Bill Gates uses his leg as a bow to make a futuristic toilet


The Microsoft founder hosted the Reconstructed Toilet Show. His stadium? For the marketing of futuristic toilets that do not need water or sewers.

"Today, rich countries have a sewer system where you import water, put human waste on it and go all the way to a processing plant," Gates told CNN.

"This requires the installation of many pipes. It is very expensive and will not happen in these newer, poorer cities."

According to the WHO, about 2.3 billion people still do not have basic sewerage facilities such as toilets or toilets.

Gates pointed out that the jar in his hand could contain "200 trillion rotaviruses … 20 billion shigella bacteria and 100,000 parasitic worm eggs."

Bill Gates seeks answers to the toilet

The lack of clean hygiene comes at an impressive financial cost – the Gates Foundation estimates $ 223 billion a year in the form of higher health care costs and loss of productivity and wages.

Through the Gates Foundation's "Reinvent the Toilet Challenge", Bill and Melinda Gates donated $ 200 million to groups seeking to develop arid toilets for the last seven years.

To compete against the challenge, toilets had to cost less than 5 minutes a day to work without the need for external current or running water.

The foundation funded scientists to invent toilets that are self-contained – they take human waste, kill dangerous pathogens and convert the resulting material into products of potential commercial value such as clean water, electricity and fertilizer.

Gates chose to sell his stadium to a country that fought with clean drainage.
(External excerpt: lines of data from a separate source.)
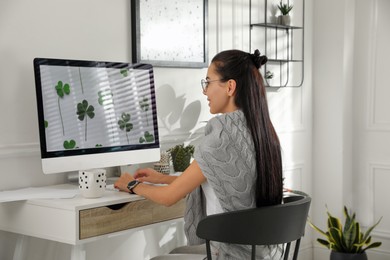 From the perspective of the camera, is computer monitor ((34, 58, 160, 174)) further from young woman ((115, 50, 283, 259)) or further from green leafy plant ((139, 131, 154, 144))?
young woman ((115, 50, 283, 259))

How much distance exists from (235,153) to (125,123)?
93cm

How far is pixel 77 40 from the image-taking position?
3057 millimetres

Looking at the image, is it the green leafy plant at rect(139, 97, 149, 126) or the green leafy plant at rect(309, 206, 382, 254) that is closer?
the green leafy plant at rect(139, 97, 149, 126)

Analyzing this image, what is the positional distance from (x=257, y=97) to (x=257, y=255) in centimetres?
56

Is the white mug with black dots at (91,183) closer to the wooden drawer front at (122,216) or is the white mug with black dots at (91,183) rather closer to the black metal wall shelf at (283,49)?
the wooden drawer front at (122,216)

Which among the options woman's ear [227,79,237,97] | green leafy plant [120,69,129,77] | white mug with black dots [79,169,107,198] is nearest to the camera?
woman's ear [227,79,237,97]

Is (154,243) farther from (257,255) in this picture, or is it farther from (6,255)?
(257,255)

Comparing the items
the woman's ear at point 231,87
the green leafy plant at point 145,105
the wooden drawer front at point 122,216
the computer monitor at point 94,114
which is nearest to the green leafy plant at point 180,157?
the computer monitor at point 94,114

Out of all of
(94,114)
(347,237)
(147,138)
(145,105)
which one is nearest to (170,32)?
(145,105)

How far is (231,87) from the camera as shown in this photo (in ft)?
7.95

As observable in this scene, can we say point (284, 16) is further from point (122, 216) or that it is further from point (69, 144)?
point (122, 216)

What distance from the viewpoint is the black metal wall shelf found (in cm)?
421

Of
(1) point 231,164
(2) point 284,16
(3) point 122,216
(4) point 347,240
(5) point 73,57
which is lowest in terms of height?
(4) point 347,240

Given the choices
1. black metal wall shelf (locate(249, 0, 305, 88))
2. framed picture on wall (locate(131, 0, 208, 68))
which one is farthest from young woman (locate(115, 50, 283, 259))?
black metal wall shelf (locate(249, 0, 305, 88)) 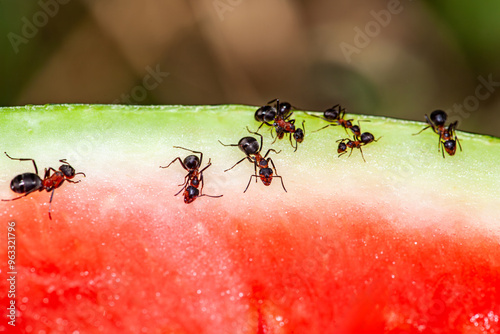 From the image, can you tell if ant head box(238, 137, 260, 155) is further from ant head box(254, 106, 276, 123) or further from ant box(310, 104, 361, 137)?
ant box(310, 104, 361, 137)

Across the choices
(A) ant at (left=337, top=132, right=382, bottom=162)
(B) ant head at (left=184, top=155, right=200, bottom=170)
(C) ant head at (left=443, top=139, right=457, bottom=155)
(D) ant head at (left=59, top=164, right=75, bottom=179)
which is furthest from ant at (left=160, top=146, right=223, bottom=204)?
(C) ant head at (left=443, top=139, right=457, bottom=155)

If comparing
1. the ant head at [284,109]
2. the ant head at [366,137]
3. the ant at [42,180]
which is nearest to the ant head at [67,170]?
the ant at [42,180]

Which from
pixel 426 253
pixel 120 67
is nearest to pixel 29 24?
pixel 120 67

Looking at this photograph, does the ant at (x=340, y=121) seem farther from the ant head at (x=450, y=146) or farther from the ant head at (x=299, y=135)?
the ant head at (x=450, y=146)

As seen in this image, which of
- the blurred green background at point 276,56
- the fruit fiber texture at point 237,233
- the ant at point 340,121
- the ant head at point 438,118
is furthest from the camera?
the blurred green background at point 276,56

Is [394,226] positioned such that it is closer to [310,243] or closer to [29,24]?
[310,243]

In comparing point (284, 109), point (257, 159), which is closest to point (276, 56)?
point (284, 109) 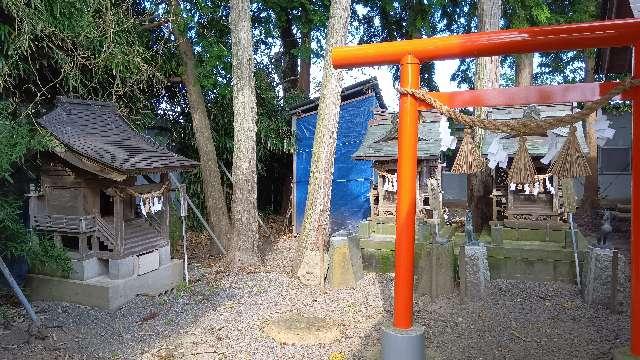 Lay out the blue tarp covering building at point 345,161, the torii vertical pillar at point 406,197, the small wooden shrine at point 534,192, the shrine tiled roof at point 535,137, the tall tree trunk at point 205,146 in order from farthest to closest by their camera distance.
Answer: the blue tarp covering building at point 345,161, the tall tree trunk at point 205,146, the small wooden shrine at point 534,192, the shrine tiled roof at point 535,137, the torii vertical pillar at point 406,197

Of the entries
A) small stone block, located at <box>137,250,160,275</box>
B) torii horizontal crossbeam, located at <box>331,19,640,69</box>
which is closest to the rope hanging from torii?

In 2015, Chinese President Xi Jinping called for a national "toilet revolution". China's second-largest economy since 2010, China has made significant improvements in public hygiene, but many rural towns still do not have access to modern toilets.
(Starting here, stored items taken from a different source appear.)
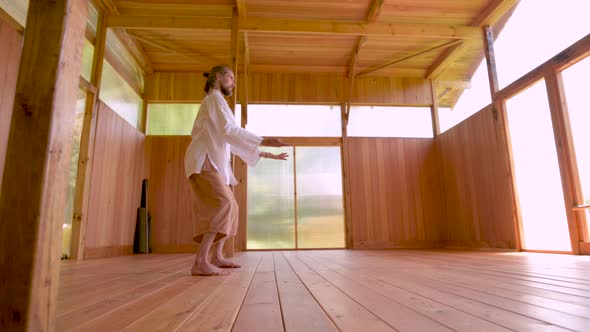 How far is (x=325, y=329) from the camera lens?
0.78m

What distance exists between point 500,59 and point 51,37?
214 inches

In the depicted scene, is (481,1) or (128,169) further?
(128,169)

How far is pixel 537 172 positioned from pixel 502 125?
808mm

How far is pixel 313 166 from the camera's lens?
613 centimetres

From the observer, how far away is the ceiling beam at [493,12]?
4.68 metres

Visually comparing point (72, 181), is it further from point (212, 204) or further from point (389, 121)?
point (389, 121)

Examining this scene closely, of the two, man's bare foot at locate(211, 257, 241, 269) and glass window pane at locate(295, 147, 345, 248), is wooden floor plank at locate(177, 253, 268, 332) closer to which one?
man's bare foot at locate(211, 257, 241, 269)

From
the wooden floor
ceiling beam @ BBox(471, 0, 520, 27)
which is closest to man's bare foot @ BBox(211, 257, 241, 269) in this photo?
the wooden floor

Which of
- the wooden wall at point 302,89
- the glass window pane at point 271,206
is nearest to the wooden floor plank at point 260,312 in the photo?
the glass window pane at point 271,206

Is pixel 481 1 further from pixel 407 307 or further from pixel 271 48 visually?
pixel 407 307

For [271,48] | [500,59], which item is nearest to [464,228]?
[500,59]

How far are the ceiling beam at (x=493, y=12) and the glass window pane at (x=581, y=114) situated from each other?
58.0 inches

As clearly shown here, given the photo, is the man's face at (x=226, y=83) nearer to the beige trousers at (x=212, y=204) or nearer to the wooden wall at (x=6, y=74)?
the beige trousers at (x=212, y=204)

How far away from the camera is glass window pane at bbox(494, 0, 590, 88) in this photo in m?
3.65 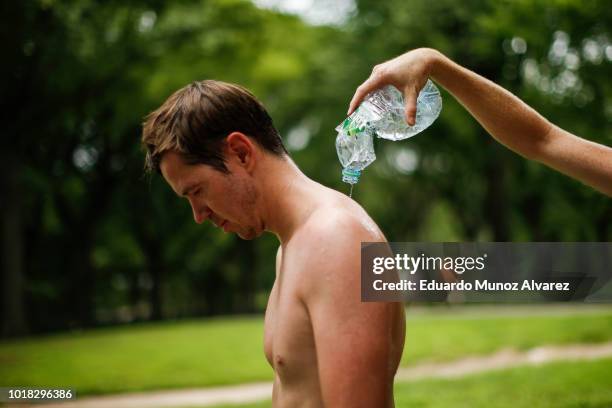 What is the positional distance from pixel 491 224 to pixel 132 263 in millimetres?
15160

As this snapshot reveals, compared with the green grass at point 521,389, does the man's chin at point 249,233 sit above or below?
above

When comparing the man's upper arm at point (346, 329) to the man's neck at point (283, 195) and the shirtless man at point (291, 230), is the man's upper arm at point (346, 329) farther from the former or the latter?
the man's neck at point (283, 195)

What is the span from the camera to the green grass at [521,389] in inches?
326

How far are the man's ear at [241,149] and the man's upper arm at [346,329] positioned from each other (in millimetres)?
351

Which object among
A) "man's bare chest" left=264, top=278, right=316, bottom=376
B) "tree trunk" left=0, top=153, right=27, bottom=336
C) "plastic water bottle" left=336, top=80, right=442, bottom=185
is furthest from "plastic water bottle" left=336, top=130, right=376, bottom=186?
"tree trunk" left=0, top=153, right=27, bottom=336

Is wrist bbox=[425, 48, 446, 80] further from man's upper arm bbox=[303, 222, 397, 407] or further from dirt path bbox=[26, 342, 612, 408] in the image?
dirt path bbox=[26, 342, 612, 408]

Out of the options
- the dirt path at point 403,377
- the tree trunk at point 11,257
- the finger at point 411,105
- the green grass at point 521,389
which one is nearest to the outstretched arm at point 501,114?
the finger at point 411,105

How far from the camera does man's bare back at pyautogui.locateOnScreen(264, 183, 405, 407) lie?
1597 mm

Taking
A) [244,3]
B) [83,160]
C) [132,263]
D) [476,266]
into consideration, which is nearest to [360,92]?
[476,266]

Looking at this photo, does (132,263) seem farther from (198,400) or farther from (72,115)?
(198,400)

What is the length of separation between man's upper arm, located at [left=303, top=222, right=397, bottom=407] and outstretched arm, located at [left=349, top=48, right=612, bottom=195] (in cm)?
38

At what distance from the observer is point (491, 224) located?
26797mm

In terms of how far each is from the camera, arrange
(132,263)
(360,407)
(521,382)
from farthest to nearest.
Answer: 1. (132,263)
2. (521,382)
3. (360,407)

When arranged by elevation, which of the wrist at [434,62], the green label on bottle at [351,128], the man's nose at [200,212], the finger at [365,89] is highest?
the wrist at [434,62]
How can we use technology to help people escape poverty

Gates noted that the production of these toilets is in its early stages and that it will be at least a decade before refurbished toilets reach the masses in the poorest regions.

"The former are still quite expensive. It will take some time to get to the bottom of the market, "said Gates.

"But this is what we start and we have a lot of enthusiasm here that it can be built enough to cover Africa, something that will not happen without this discovery."